ASSIGNMENT
Look at each line of the listing. Copy those that hold the string "Real".
^^^^^^^^^^^^^^^^
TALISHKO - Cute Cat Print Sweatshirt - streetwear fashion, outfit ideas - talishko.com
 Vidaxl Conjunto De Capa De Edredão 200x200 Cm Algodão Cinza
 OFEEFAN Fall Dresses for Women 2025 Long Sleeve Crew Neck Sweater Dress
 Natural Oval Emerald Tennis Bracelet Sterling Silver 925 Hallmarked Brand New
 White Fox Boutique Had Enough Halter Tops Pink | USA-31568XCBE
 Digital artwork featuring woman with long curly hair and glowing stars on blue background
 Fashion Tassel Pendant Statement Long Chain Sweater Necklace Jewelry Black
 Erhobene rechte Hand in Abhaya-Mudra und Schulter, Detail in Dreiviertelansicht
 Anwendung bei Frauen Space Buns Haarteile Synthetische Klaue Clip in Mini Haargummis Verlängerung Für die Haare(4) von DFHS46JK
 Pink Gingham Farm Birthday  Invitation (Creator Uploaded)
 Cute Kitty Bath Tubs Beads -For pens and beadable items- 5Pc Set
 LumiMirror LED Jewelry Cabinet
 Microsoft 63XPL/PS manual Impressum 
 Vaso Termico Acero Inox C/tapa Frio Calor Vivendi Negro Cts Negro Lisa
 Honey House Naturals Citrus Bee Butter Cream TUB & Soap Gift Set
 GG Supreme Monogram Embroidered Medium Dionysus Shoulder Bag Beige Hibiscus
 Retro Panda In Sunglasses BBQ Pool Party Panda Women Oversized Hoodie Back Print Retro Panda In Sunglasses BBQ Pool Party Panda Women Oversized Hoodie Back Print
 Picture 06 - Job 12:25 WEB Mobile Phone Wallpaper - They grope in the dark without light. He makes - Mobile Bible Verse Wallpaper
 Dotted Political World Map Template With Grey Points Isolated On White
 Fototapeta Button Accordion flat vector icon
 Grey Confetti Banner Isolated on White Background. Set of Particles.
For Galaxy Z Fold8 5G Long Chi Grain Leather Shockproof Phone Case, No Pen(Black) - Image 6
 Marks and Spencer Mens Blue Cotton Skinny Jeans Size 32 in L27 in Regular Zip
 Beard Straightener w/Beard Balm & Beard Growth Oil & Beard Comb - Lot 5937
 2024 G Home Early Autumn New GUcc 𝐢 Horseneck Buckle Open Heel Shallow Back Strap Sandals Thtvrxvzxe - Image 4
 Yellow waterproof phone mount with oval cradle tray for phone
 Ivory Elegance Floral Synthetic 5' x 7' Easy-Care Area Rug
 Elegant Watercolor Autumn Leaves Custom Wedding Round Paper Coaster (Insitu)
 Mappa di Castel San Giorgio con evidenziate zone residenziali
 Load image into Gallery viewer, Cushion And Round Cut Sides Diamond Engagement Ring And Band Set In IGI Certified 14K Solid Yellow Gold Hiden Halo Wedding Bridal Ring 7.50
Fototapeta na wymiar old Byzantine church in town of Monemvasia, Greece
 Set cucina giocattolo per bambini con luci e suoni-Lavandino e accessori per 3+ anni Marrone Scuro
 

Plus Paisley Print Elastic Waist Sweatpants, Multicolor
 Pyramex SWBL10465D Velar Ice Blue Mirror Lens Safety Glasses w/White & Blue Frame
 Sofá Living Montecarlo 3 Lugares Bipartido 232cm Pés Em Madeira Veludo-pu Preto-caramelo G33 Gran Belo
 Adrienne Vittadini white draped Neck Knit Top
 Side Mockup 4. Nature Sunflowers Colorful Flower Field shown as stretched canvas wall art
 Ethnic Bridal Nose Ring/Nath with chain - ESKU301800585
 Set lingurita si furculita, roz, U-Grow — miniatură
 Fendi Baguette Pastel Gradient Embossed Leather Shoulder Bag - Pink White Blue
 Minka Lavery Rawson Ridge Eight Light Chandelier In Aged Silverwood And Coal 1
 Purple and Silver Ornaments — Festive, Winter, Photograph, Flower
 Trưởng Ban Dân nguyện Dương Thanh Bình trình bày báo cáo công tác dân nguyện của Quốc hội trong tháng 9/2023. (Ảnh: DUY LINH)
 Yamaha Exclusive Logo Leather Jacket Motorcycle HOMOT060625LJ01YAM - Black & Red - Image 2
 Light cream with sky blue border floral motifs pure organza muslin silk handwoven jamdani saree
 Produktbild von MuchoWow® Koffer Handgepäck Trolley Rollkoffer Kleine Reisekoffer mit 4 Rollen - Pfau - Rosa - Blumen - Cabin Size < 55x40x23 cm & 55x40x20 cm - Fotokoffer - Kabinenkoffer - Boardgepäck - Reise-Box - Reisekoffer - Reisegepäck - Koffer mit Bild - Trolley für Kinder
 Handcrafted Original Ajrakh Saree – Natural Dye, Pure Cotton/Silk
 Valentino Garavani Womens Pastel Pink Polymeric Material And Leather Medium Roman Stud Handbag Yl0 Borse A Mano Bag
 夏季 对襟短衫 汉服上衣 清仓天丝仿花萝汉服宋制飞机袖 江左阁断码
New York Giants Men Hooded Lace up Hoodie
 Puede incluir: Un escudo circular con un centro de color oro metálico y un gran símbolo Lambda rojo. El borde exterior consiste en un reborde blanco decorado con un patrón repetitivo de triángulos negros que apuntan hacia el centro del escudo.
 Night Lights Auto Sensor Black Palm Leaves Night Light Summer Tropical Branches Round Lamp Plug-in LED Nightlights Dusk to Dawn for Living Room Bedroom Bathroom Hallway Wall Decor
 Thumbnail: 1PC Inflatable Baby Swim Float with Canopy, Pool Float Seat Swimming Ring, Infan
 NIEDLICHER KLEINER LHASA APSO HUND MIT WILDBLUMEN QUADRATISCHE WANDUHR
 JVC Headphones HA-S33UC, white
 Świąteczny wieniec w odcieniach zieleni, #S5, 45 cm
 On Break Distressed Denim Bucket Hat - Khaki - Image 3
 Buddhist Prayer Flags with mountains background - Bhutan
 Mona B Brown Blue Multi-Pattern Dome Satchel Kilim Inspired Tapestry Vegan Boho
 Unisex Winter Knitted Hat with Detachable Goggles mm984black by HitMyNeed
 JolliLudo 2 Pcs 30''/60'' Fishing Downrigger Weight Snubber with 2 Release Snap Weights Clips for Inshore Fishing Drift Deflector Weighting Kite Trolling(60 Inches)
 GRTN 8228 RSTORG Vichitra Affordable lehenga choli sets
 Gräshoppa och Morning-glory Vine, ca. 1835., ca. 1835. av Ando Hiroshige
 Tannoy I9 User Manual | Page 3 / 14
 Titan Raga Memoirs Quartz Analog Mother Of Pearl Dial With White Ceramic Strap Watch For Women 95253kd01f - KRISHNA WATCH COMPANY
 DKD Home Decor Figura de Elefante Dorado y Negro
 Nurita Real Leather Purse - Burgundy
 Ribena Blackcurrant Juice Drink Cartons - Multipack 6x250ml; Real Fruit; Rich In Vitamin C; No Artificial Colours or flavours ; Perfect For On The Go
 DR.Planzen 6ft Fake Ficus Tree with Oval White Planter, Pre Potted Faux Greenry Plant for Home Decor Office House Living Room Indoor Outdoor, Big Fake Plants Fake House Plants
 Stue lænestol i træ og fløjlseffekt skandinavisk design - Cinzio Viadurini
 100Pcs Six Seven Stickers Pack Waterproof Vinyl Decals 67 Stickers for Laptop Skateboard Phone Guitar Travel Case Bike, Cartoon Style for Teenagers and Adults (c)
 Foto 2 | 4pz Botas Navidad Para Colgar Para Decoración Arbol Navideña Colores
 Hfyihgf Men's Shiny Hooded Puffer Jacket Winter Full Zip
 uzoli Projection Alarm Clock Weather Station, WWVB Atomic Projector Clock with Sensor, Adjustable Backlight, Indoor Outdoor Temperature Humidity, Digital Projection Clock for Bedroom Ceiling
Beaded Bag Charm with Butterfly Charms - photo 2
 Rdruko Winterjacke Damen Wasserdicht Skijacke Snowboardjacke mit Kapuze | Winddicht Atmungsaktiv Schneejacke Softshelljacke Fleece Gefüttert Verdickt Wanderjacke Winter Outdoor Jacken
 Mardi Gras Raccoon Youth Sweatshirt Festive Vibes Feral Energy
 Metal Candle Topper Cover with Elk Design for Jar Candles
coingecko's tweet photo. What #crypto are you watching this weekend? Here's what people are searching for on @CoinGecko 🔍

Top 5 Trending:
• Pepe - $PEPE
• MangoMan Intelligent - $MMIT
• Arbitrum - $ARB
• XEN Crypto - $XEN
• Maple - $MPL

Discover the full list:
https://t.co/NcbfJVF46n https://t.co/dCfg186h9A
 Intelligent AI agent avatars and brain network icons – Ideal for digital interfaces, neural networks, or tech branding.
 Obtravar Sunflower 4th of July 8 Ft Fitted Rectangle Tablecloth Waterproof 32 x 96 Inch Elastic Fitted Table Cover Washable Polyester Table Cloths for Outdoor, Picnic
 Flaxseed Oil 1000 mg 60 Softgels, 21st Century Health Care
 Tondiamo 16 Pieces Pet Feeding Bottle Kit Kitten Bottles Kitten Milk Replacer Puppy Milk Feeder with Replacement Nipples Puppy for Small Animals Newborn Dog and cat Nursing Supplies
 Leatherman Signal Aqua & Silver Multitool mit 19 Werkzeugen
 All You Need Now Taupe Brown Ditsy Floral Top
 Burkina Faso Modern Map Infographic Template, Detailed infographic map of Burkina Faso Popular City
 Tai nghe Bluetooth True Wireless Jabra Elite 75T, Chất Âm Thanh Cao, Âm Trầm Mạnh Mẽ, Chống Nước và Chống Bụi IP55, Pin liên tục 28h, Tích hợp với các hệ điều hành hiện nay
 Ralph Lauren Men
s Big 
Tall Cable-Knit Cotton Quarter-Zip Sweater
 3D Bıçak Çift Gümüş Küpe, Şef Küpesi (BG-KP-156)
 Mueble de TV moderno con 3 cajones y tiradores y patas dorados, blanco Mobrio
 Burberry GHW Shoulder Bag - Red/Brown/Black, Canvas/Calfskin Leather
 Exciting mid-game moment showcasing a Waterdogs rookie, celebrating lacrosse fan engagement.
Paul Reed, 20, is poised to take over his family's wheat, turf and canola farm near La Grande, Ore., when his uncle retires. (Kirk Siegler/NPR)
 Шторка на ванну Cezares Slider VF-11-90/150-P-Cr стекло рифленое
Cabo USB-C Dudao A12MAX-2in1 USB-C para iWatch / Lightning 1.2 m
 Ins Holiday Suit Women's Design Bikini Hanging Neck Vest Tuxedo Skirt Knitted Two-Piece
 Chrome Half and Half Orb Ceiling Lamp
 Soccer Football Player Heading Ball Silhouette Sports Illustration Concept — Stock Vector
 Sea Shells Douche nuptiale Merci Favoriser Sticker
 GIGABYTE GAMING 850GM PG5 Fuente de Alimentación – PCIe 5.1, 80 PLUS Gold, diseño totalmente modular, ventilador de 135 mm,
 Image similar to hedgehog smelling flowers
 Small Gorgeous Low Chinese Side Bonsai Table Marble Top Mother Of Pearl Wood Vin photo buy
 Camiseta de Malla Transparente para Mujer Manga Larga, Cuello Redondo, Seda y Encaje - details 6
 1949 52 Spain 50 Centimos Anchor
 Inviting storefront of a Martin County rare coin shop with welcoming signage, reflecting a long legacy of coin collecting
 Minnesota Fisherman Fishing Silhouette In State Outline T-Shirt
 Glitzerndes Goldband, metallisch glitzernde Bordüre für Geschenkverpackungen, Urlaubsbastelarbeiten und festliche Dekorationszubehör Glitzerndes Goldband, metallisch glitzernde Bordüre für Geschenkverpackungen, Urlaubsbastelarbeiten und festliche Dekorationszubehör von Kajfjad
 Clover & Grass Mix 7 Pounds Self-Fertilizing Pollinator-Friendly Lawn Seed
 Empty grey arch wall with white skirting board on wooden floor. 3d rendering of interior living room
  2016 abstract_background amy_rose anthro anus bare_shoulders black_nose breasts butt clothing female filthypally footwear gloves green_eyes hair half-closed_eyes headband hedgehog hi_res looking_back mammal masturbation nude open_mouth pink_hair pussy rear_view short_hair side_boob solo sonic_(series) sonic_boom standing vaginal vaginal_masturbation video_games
^^^^^^^^^^^^^^^^
EXERCISE OUTPUT
 Nurita Real Leather Purse - Burgundy
 Ribena Blackcurrant Juice Drink Cartons - Multipack 6x250ml; Real Fruit; Rich In Vitamin C; No Artificial Colours or flavours ; Perfect For On The Go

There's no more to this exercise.